C’est un secret de Polichinelle. On ne peut pas rester vingt ou trente ans au pouvoir sans abuser des biens de l’État. Cela pose la question de la gestion des États africains. Je pense que ce procès des biens mal acquis est nécessaire pour tirer la sonnette d’alarme.
Le fait que cela se passe en France ne vous gêne pas ?
Cela ne peut pas se passer en Afrique. Les dictateurs feront tout pour empêcher une telle procédure. Il faut, quoi qu’il en soit, traquer les biens mal acquis et les rendre au peuple.
Dans le même ordre d’idées, la Cour pénale internationale juge Jean-Pierre Bemba, elle a condamné Charles Taylor, le président soudanais Béchir est menacé de poursuites. N’a-t-on pas le sentiment que la justice internationale s’acharne sur les Africains ?
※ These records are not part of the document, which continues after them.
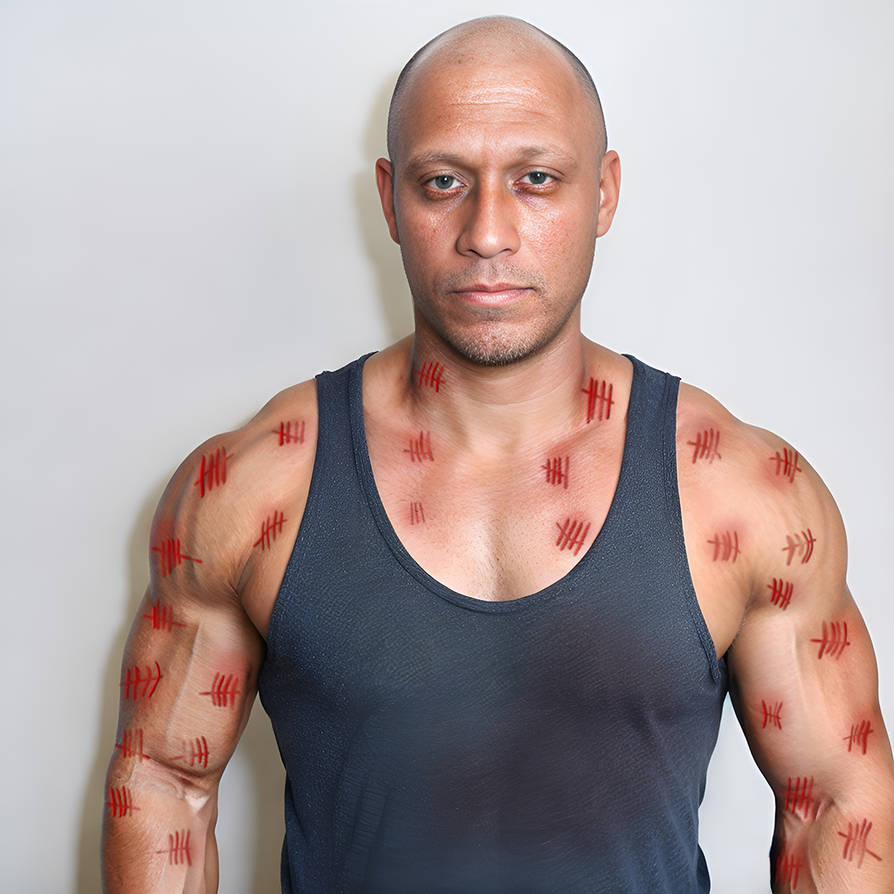 Victor Zsasz by Thepermman on DeviantArt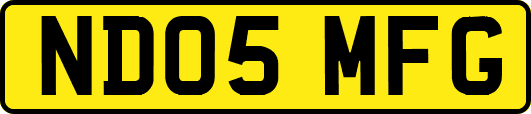 ND05MFG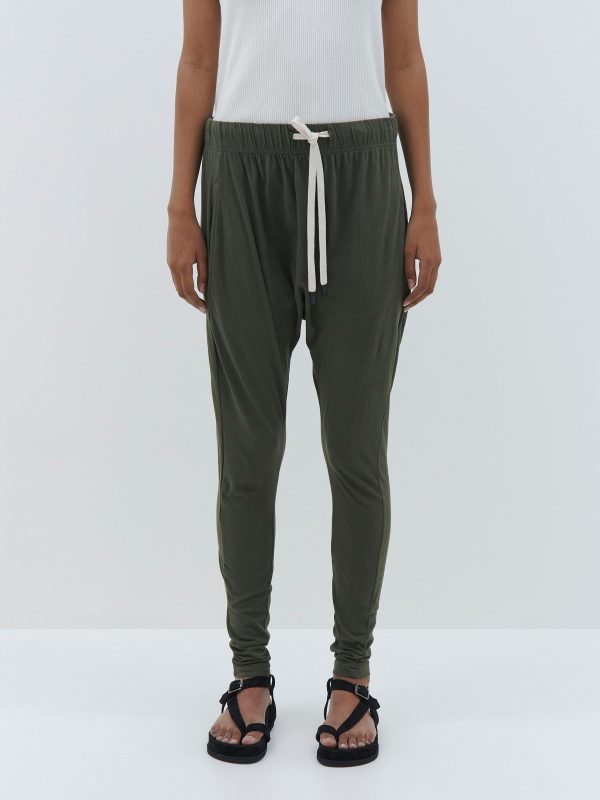 slouch jersey pant lll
Il était temps que, petit à petit, on commence à faire le ménage. Après l’Amérique latine, nous sommes en bonne place dans le palmarès des dictatures. Depuis les indépendances, on a gouverné de manière abusive l’Afrique, on l’a spoliée, on a commis des massacres en suscitant des guerres ethniques, et on continue de tirer des obus sur les populations. Il est évident que les dirigeants qui sont des criminels doivent passer devant des tribunaux.
Ne serait-il pas préférable qu’ils soient jugés en Afrique, sur les lieux de leurs forfaits ?
La justice, dans la mesure où elle poursuit un idéal, n’a pas de lieu. Lorsque quelqu’un commet un génocide, je suis favorable à ce qu’on le juge partout où la justice peut faire son travail.
La présence grandissante de la Chine sur le continent est-elle une bonne chose pour l’Afrique ?
Je suis sidéré de voir la campagne qui se développe en Europe sur le thème de l’invasion chinoise. L’Afrique n’est pas la chasse gardée du monde occidental. Les Chinois y viennent pour tirer profit des richesses, mais en laissant au moins des infrastructures. S’ils construisent quatorze nouvelles routes au Congo, je dis : allons-y, puisque les autres ne l’ont pas fait au cours des cinquante ans passés.
Vous vivez aux États-Unis depuis 2001. Vous avez certainement suivi de près l’élection de Barack Obama ?
Oui, et j’ai été enthousiasmé par le destin de cet homme. Pour moi, il s’agit d’abord d’un parcours individuel qui donne au passage aux Noirs la preuve que tout est possible. À condition de comprendre qu’il est temps de dépasser la négritude pour s’imposer par la seule force de ses compétences et de ses convictions. C’est ce qu’on appelle sans doute la société postraciale. Je ne désespère pas de voir émerger dans les prochaines années un Obama français.
En quoi cette expérience américaine vous a-t-elle changé ?
J’ai quitté l’Afrique à l’âge de 20 ans. Puis j’ai vécu en France pendant quinze ans. Actuellement, j’habite aux États-Unis. Je crois pouvoir affirmer que c’est mon séjour américain qui m’a conduit à m’intéresser de près à la question du Noir dans le monde. C’est une question prépondérante aux États-Unis, mais taboue en France, où le Noir est un « homme invisible », pour citer Ralph Ellison.
Ce sont les États-Unis qui vous ont ouvert les yeux sur la réalité de la condition noire en France ?
À partir du moment où j’ai pu voir comment la question noire était traitée aux États-Unis, l’injustice faite aux Noirs en Europe m’a paru encore plus flagrante. C’est d’ailleurs en quelque sorte le sujet de Black Bazar. C’est aussi le thème de mon prochain livre, qui sera un essai. Je voudrais le situer dans le prolongement du débat suscité en France par le livre de Pap Ndiaye, La Condition noire. J’aimerais mettre en perspective les conclusions de Ndiaye en les confrontant à l’expérience noire en Amérique.